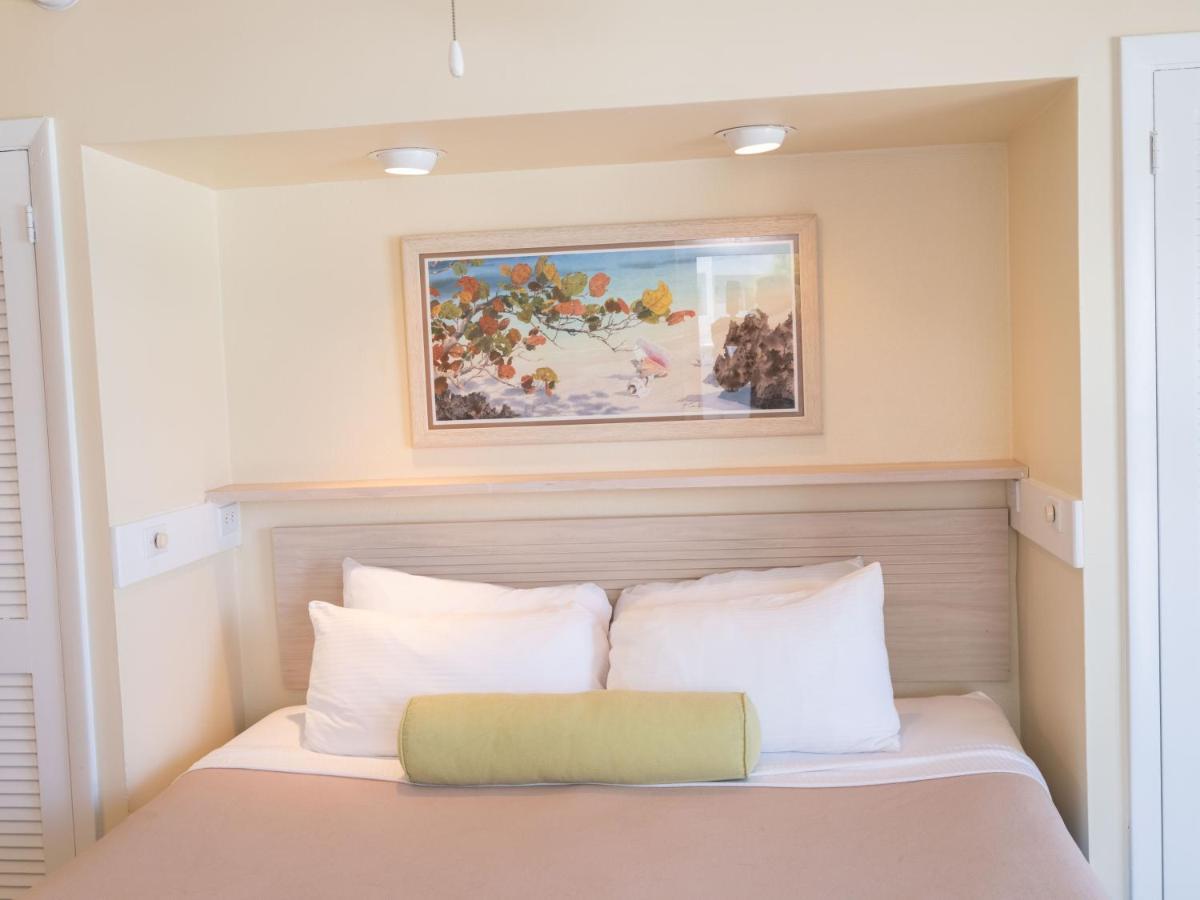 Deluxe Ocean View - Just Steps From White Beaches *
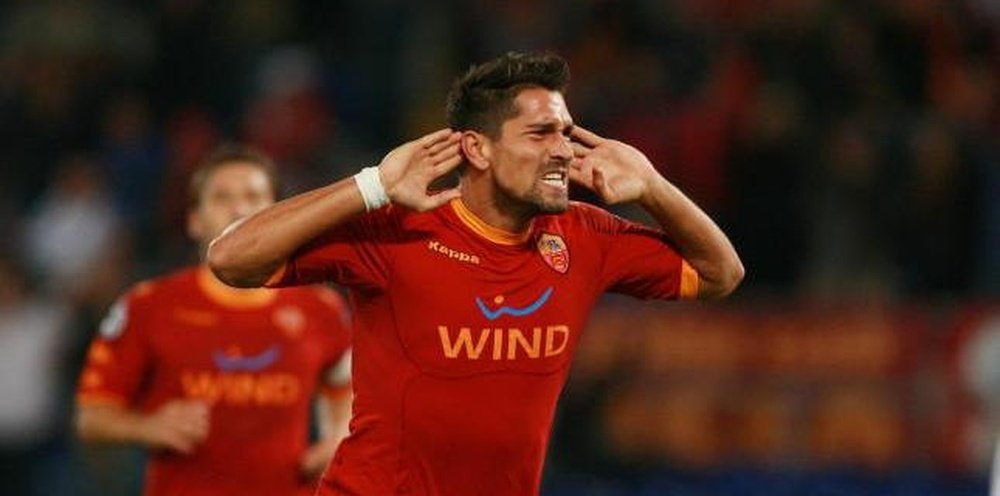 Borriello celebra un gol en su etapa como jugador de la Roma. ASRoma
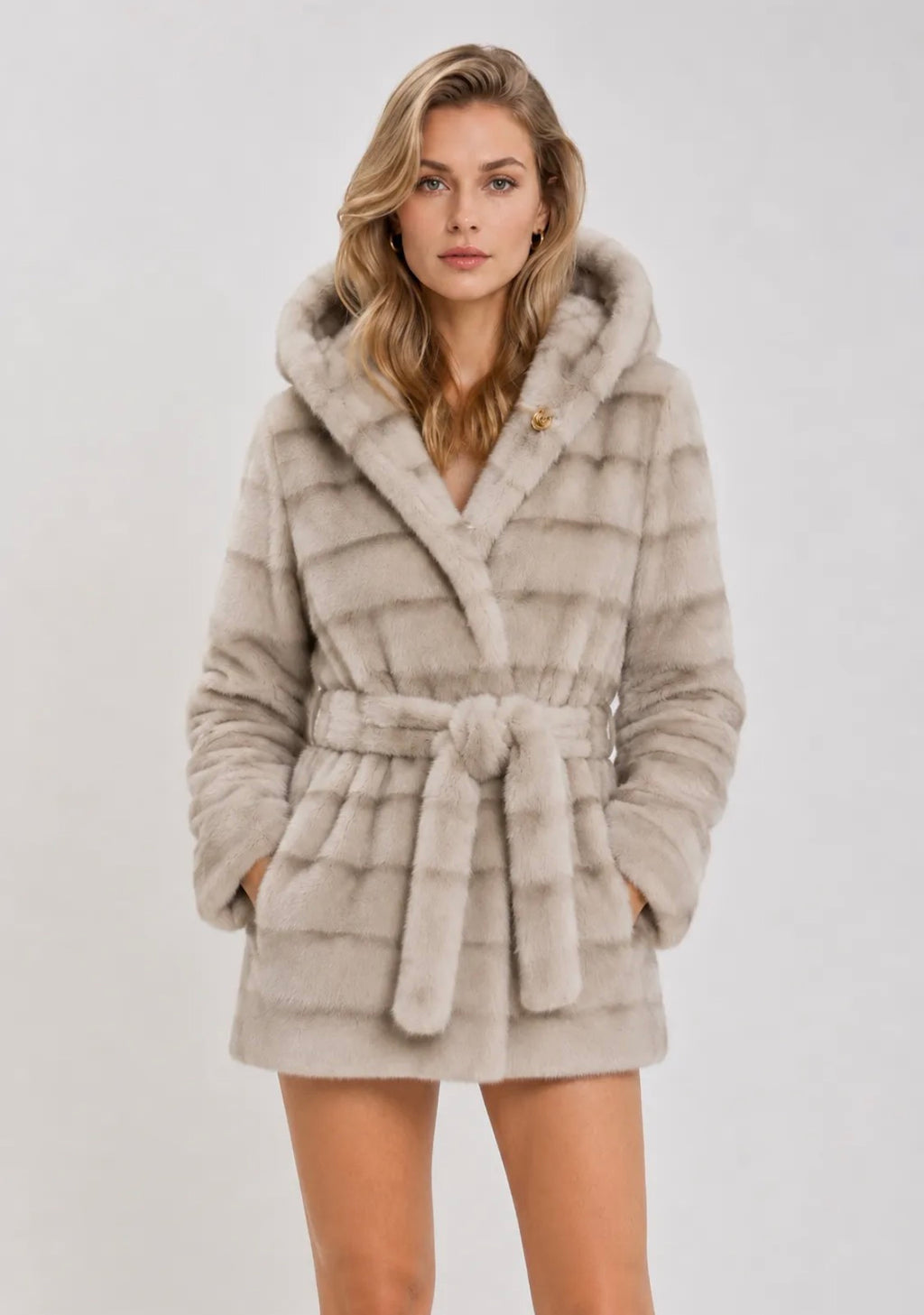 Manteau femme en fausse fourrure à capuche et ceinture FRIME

What you have to do ::
Omit the pictures. Repeat the rest of the data exactly.

Reply ::
 Deluxe Ocean View - Just Steps From White Beaches *
 Borriello celebra un gol en su etapa como jugador de la Roma. ASRoma
 Manteau femme en fausse fourrure à capuche et ceinture FRIME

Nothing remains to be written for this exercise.